:: To do ::
Output the data word for word, dropping every image.

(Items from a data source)

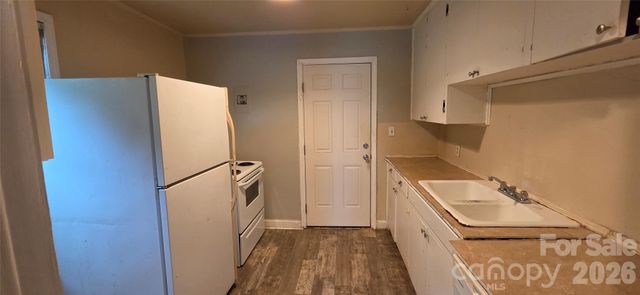 2216 Yadkin Avenue, Charlotte, NC 28205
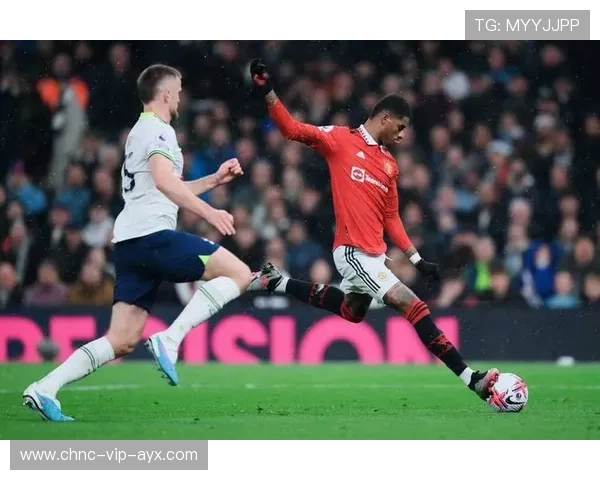 拉什福德禁区内推射稳稳进网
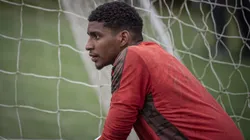 Foto: Alexandre Vidal/CRF - Hugo enfrenta enorme pressão da torcida do Flamengo após seguidos erros no gol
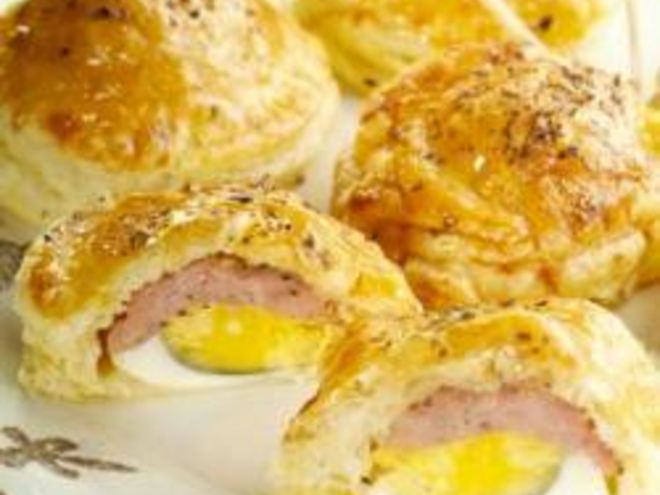 Рецепт пирожков с колбасой и яйцом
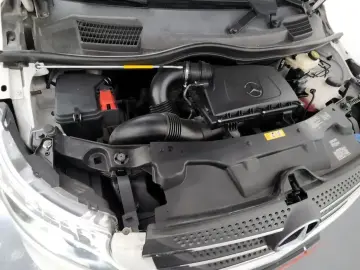 2020 Mercedes-Benz V-Класс с пробегом 35 099 км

:: Response ::
 2216 Yadkin Avenue, Charlotte, NC 28205
 拉什福德禁区内推射稳稳进网
 Foto: Alexandre Vidal/CRF - Hugo enfrenta enorme pressão da torcida do Flamengo após seguidos erros no gol
 Рецепт пирожков с колбасой и яйцом
 2020 Mercedes-Benz V-Класс с пробегом 35 099 км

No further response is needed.